Results: A total of 495 breast, 308 prostate, 332 female-colorectal, 409 male-colorectal, 181 female-lung and 381 male-lung incident cancers were identified. The area under receiver operating characteristic curve for the best performing site-specific PRS were 0.61 (PGS000873, breast), 0.70 (PGS00662, prostate), 0.65 (PGS000055, female-colorectal), 0.60 (PGS000734, male-colorectal) and 0.56 (PGS000721, female-lung), and 0.58 (PGS000070, male-lung), respectively. Compared to the middle quintile, individuals in the highest cancer-specific PRS quintile were 64% more likely to develop cancers of the breast, prostate, and colorectal. For lung cancer, the lowest cancer-specific PRS quintile was associated with 28-34% decreased risk compared to the middle quintile. In contrast, the hazard ratios observed for quintiles 4 (female-lung: 0.95 [0.61-1.47]; male-lung: 1.14 [0.82-1.57]) and 5 (female-lung: 0.95 [0.61-1.47]) were not significantly different from that for the middle quintile.

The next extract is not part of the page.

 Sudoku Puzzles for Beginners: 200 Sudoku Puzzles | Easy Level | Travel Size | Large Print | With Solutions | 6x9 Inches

Conclusions: Site-specific PRSs can stratify the risk of developing breast, prostate, and colorectal cancers in this East Asian population. Appropriate correction factors may be required to improve calibration.
Funding This work is supported by the National Research Foundation Singapore (NRF-NRFF2017-02), PRECISION Health Research, Singapore (PRECISE) and the Agency for Science, Technology and Research (A*STAR). WP Koh was supported by National Medical Research Council, Singapore (NMRC/CSA/0055/2013). CC Khor was supported by National Research Foundation Singapore (NRF-NRFI2018-01). Rajkumar Dorajoo received a grant from the Agency for Science, Technology and Research Career Development Award (A*STAR CDA - 202D8090), and from Ministry of Health Healthy Longevity Catalyst Award (HLCA20Jan-0022). The Singapore Chinese Health Study was supported by grants from the National Medical Research Council, Singapore (NMRC/CIRG/1456/2016) and the U.S. National Institutes of Health [NIH] (R01 CA144034 and UM1 CA182876).